The UK electricals chain Comet has become the latest big retailer to have its credit insurance scaled back, as the consumer recession and financial crisis gripping the retail sector spreads.

Coface, one of the UK's biggest credit insurers, said yesterday it had cut the insurance cover it provides to some suppliers to provide goods to Comet, which is owned by Kesa Electricals, this month.

The reduction of insurance cover on Comet – which has more than 250 UK stores and until this year was one of the UK retail sector's strongest performers – illustrates how nervous credit insurers are that some of the sector's biggest retailers may struggle to pay for goods and services received. All of the UK's three biggest credit insurers, Coface, Euler Hermes and Atradius, have scaled back the insurance cover they provide to DSGi, the electricals group that owns Currys and PC World. The three insurers continue to provide cover to DSGi's suppliers.
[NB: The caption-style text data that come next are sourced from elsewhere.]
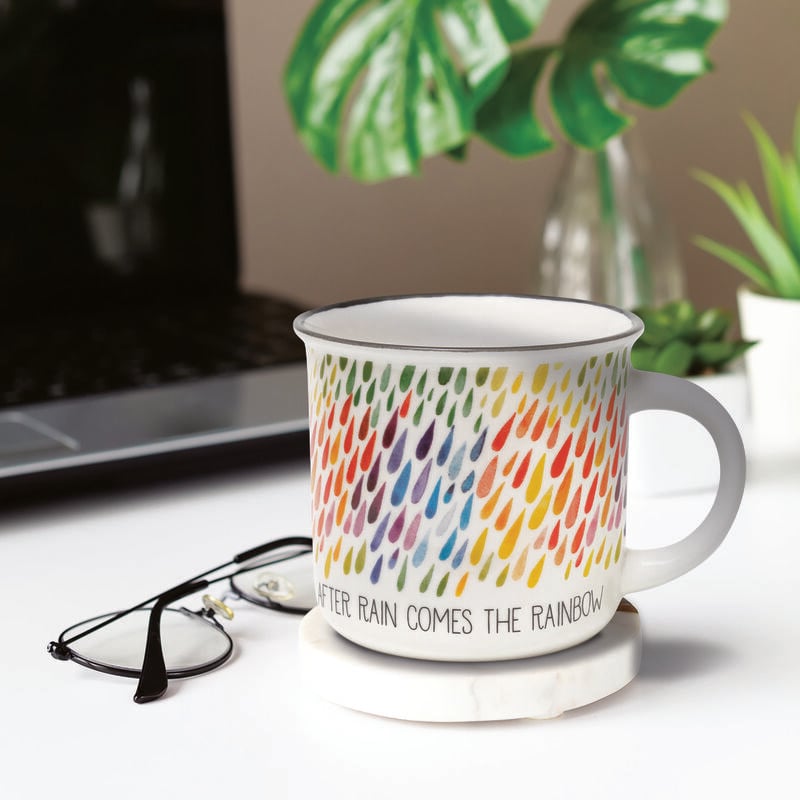 Porcelánový hrnček - Cup-Puccino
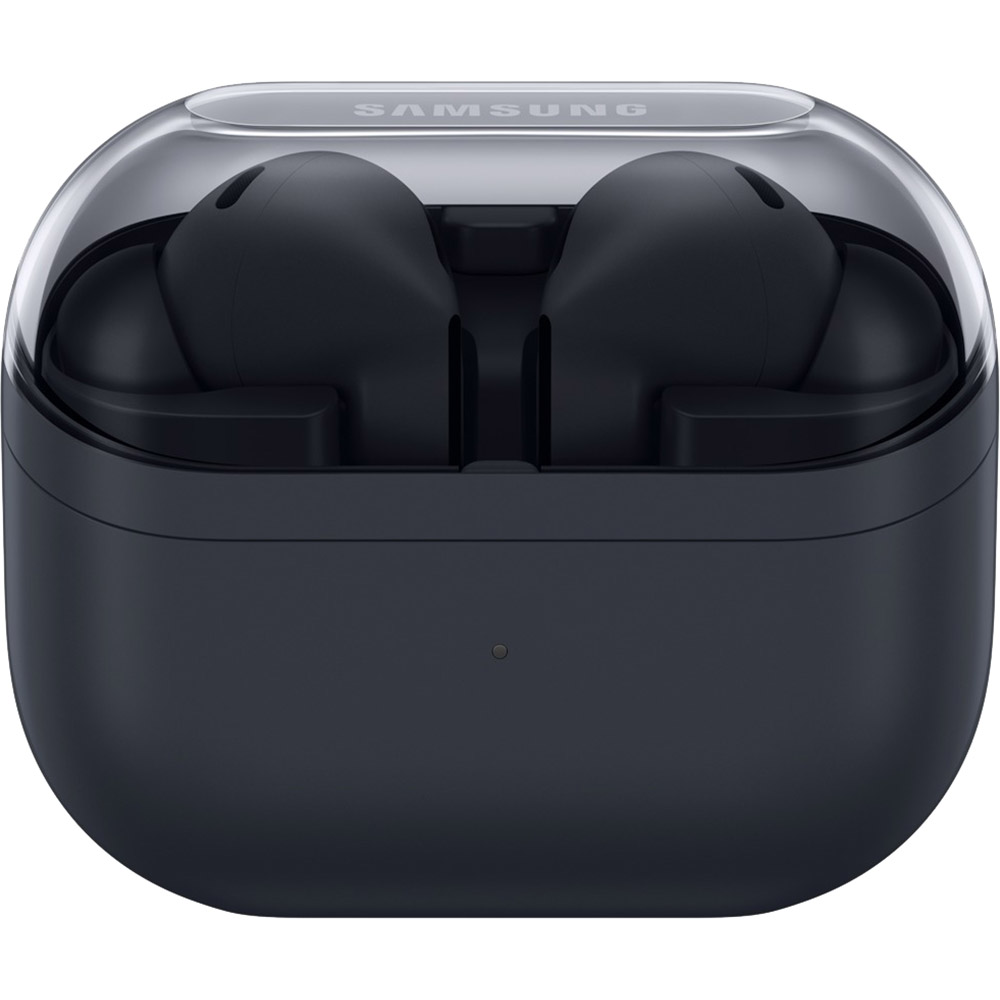 Зовнішній вигляд Гарнітура SAMSUNG Galaxy Buds 3 FE Black (SM-R420NZKASEK)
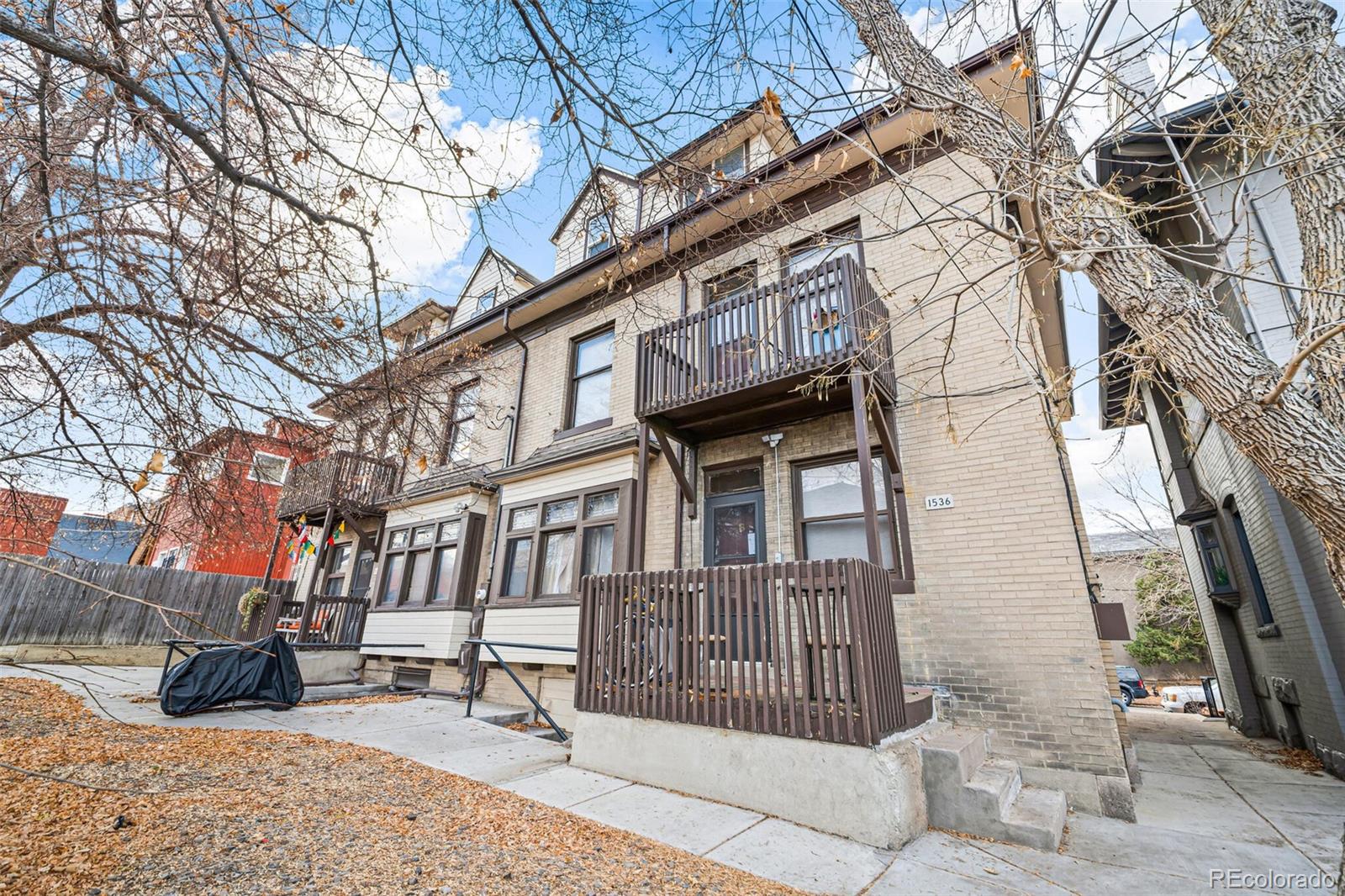 1536 York Street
A DSGi spokeswoman said: "This is not a DSGi specific issue. We have seen no changes to our overall terms with suppliers."

Until now, credit insurers have only reduced or withdrawn cover on many small and medium-sized retailers, as well as more sickly chains.

But electricals chains have been among the worst affected by the consumer recession, as the tanking housing market forces shoppers to sharply rein in their purchases of washing machines, fridges and flat-screen TVs.

Euler Hermes was unavailable for comment on its policy towards Comet yesterday, but Atradius said it had not reduced cover for Comet's suppliers in any shape or form. Comet continues to trade with the suppliers insured by Coface and is unaffected by the reduction. A Comet spokeswoman said: "We have not been informed of any change in the facilities that credit insurers provide to our suppliers. Our cash position remains strong."

However, Comet has struggled, along with many other retailers of big-ticket items, during this year's downturn.

In September, Jean-Noël Labroue, the chief executive of Kesa Electricals, said he expected Comet to post a loss over the six months to October. In the three months to 31 July, Comet's like-for-like sales plummeted by 9.9 per cent.

Kesa Electricals, whose portfolio also includes the Darty electricals chains in France and Italy, is regarded by City analysts to be a stronger business overall than DSGi. Nick Bubb, the Pali International analyst, said: "We still prefer Kesa, given its stronger balance sheet/freehold properties and euro profit exposure."

On Thursday, shares in DSGi, whose other chains on the continent include Electro World, PC City and Elkjop, tumbled by 9p, or 31.85 per cent, to 19.25p, after a report that Atradius had scaled back its cover.

For the 24 weeks ending 18 October, total group like-for-like sales at DSGi fell 7 per cent.

In a note about DSGi entitled "Be Afraid?" yesterday, Mr Bubb said: "In theory, net debt of about £100m is well within the group's borrowing limits, but much depends on how much confidence the suppliers have in the business and things could unravel after Christmas, even though DSG is such a dominant player in the UK electricals market."

Mr Bubb said that DSG will continue to "limp along" and said it still has the option of selling its crown jewels, for example, the Scandinavian business Elkjop. Yesterday, shares in DSGi rose by 0.5p to 19.75p, a far cry from October 2006, when they were 222p.